Segment Start: DATA EXCERPT

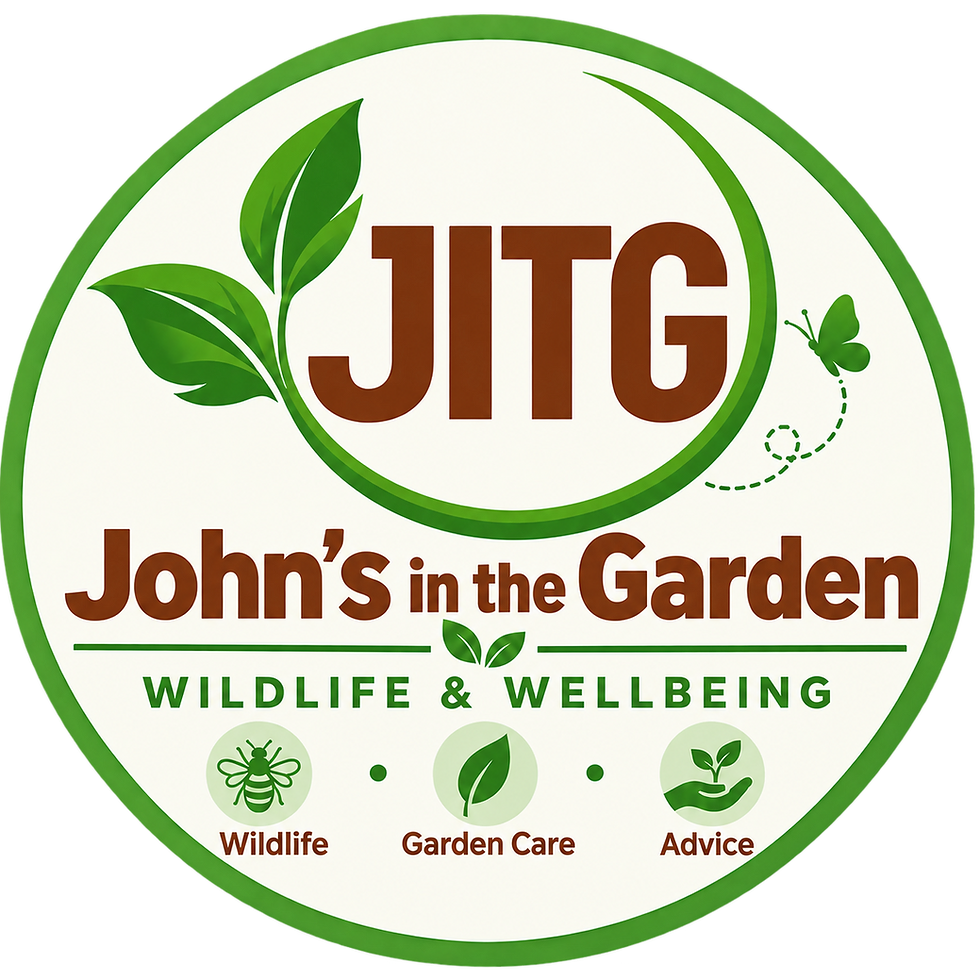 Nature logo with aligned labels.png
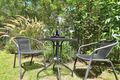 Property photo of 13 Taminga Circuit D'Aguilar QLD 4514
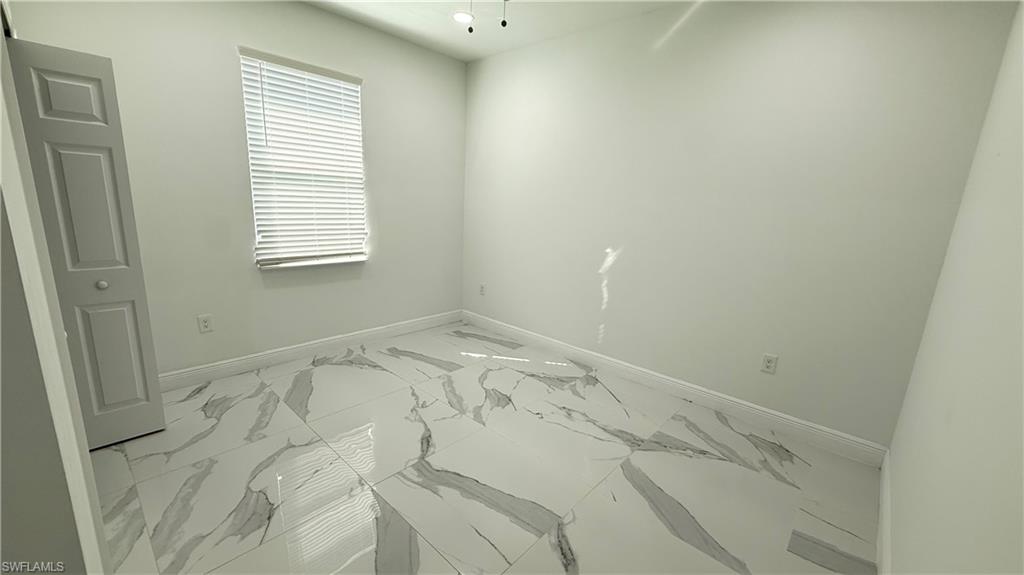 508 Bell Blvd S Property Photo 8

Segment End: DATA EXCERPT

§ **EXERCISE**:
Reproduce the listing exactly, minus its pictures.

§ **FINISHED TASK**:
 Nature logo with aligned labels.png
 Property photo of 13 Taminga Circuit D'Aguilar QLD 4514
 508 Bell Blvd S Property Photo 8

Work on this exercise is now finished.